Soil moisture as a key factor in carbon release from thawing permafrost in a boreal forest

The feedback between the atmosphere and permafrost soils containing large carbon stocks is currently considered the most important carbon-cycle feedback, but it is missing from climate models due to many uncertainties. Knowledge of how differences in post-thaw hydrological conditions affect carbon (C) release is critical for predicting permafrost feedback, but this knowledge remains limited. In this study, permafrost and active layer soils from the southern margin of the Eurasian boreal permafrost region in Northeast China were collected and incubated under experimentally modified moisture to monitor their CO2 and CH4 productions under simulated natural, drier and flooded conditions.

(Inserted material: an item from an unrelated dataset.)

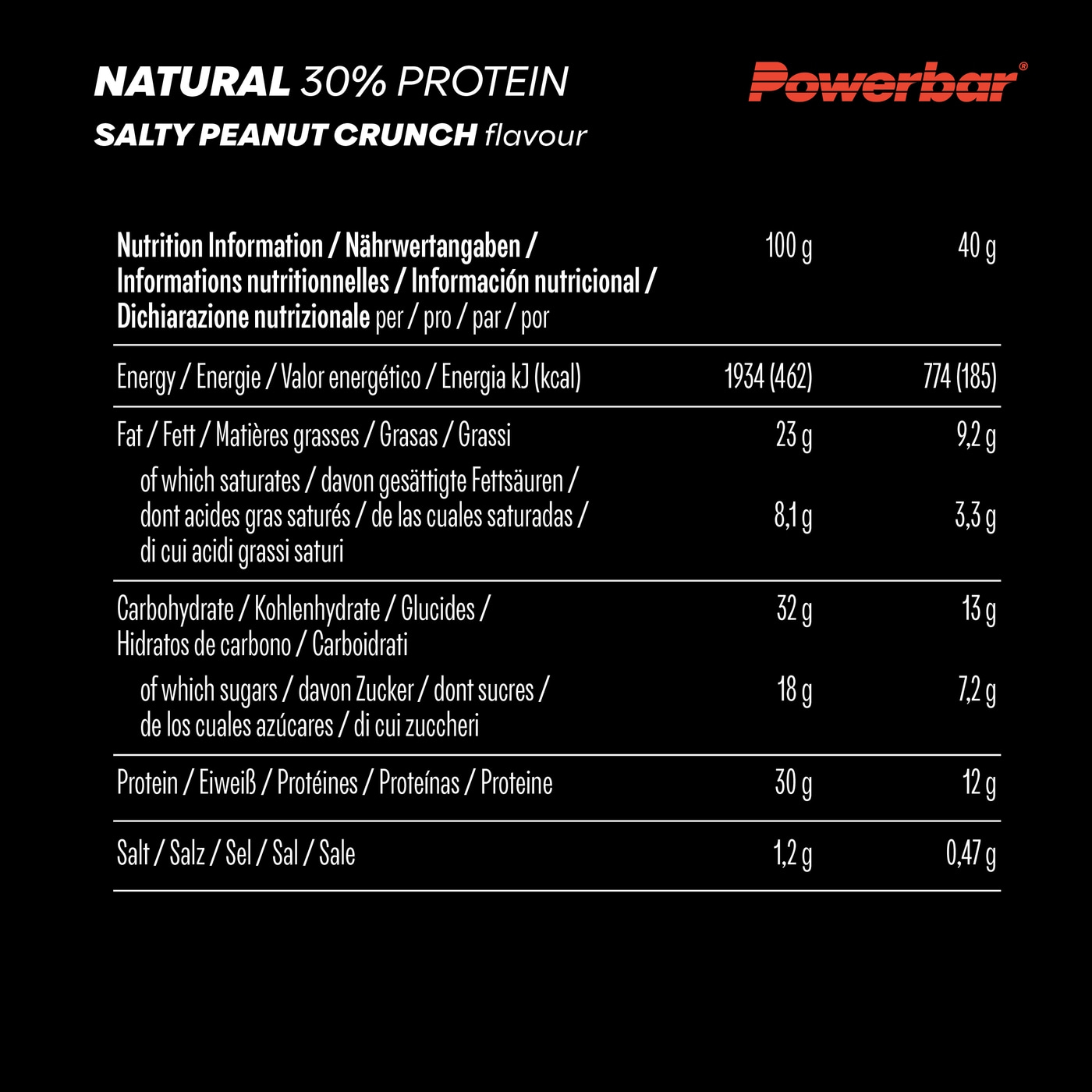 POWERBAR Natural Protein Salty Peanut Crunch 18x40g veganer Protein Riegel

We also characterized soil properties related to soil organic carbon (SOC) quality and microbial activities to determine their relations with measured C productions. We found that permafrost had higher C release per gram of SOC basis (C vulnerability) than the active layer, which suggested that there would be a high risk for C emissions in the permafrost region when permafrost thaws in the warming future. However, hydrological conditions following the permafrost thaw control these emissions. Permafrost C decomposed in relatively aerobic upland systems had higher C emissions than that decomposed in anaerobic wetland environments. Our results suggest a greater climate forcing of C release in aerobic than anaerobic conditions, but there are some uncertainties resulting from the unknown long-term CH4 production rates. Moreover, we found that the aerobic C production in permafrost after thawing could be constrained by water stress, suggesting that previous predictions based on soil incubations at natural soil moisture might overestimate the aerobic permafrost C release.